Dua pementasan wayang kulit menjadi daya tarik utama. Ki Sukadana mementaskan wayang kulit gagrak Betawi, sementara KRA Ki Gunarto Gunotalijendro membawakan wayang kulit gagrak Jawa. Selain itu, ada pula fragmen pentas teater kolaborasi yang melibatkan seniman dari kedua etnis.
Gubernur Ahmad Luthfi Apresiasi Perantau yang Tak Lupa Budaya Asal
Dalam sambutannya, Gubernur Jawa Tengah Ahmad Luthfi menyebut bahwa acara ini membuktikan masyarakat Jawa Tengah mampu beradaptasi dan berkolaborasi di perantauan.
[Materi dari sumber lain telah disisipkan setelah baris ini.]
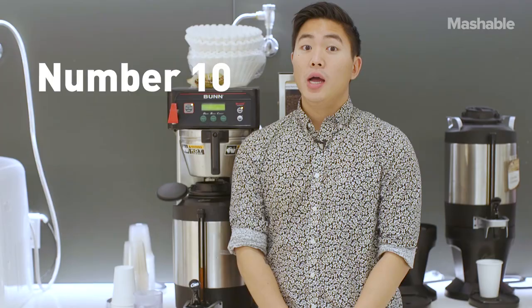Let's start with number 10. This one might actually surprise you — coffee pots. 48% of all coffee pots and dispensers have enough bacteria that you should definitely wash your hands after using them. I'm sorry coffee lovers, but this is the price you pay for being caffeine addicts. It's bacteria.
Ia menekankan pentingnya menjaga identitas budaya di tengah kehidupan baru.
"Di mana bumi dipijak, di situ langit dijunjung. Masyarakat di perantauan telah membanggakan bagi Jawa Tengah, ikut membangun wilayah ia tinggal sekarang, namun tetap ingat tanah leluhur," kata Luthfi.
Luthfi juga menyampaikan bahwa pembangunan di Jawa Tengah terus berkembang dan provinsi itu kini menjadi daya tarik investasi dari berbagai daerah di dalam maupun luar negeri.
Kolaborasi Budaya Jadi Simbol Persatuan Bangsa
Ketua Umum Paguyuban Jawa Tengah, Leles Sudarmanto, menjelaskan bahwa wayang kulit sengaja dipilih karena merupakan produk budaya yang menjadi aset negara Indonesia. Pelestariannya dinilai penting bagi seluruh masyarakat, terutama generasi muda.
"Harmoni Budaya ini adalah kolaborasi seni budaya antara wong Jawa dan Betawi. Maka dari itu kita terus upayakan karena gubernur DKI Jakarta bersama Gubernur Jawa Tengah juga kolaborasi. Hal-hal seperti ini penting sekali, Republik Indonesia ini perlu kolaborasi untuk menyamakan persepsi melalui budaya," ujarnya.
Acara ini juga dihadiri Gubernur DKI Jakarta periode 1997-2007 Sutiyoso (Bang Yos), Duta Besar Palestina untuk Indonesia Abdulfattah AK Al-Sattiri, Duta Besar Bahrain untuk Indonesia Ahmed Abdulla AlHajeri, serta sejumlah tokoh lainnya. Kehadiran para tokoh tersebut menunjukkan bahwa diplomasi budaya dapat menjadi jembatan antar daerah dan negara.